I think there is a problem with the following exercise from Zorich, Mathematical Analysis II - Exercise 1 in Section 9.4.1:

Show that in terms of the ambient space the property of connectedness of a set can be expressed as follows: A subset $$E$$ of a topological space $$(X,\tau)$$ is connected iff there is no pair of open subsets $$A,B$$ that are disjoint and such that $$E\cap A\neq \emptyset$$, $$E\cap B\neq \emptyset$$, and $$E\subseteq A\cup B$$.

Edit: counterexample: $$X=\{a,b,c\}$$, with topology generated by $$\{a,b\}$$ and $$\{b,c\}$$, with $$E=\{a,c\}$$.
• Do you have a counterexample?
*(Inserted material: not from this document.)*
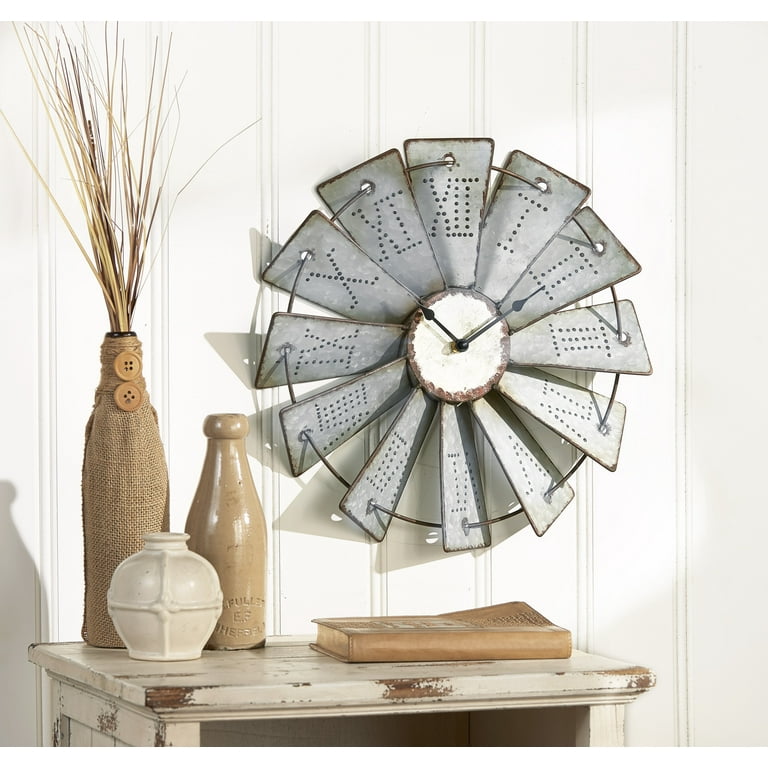 Metal Windmill Wall Clock with Distressed Finish and Roman Numerals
BTW, when it speaks of open subsets $A, B$, those are meant to be open subsets of $X$. – John Hughes Dec 14 '18 at 15:09
• @JohnHughes Yes. $X=\{a,b,c\}$, with topology generated by $\{a,b\}$ and $\{b,c\}$, with $E=\{a,c\}$. – Jiu Dec 14 '18 at 15:13
Yes, it's a mistake. It should've been: "$$E\cap A$$ and $$E\cap B$$ are disjoint" instead of "$$A$$ and $$B$$ are disjoint".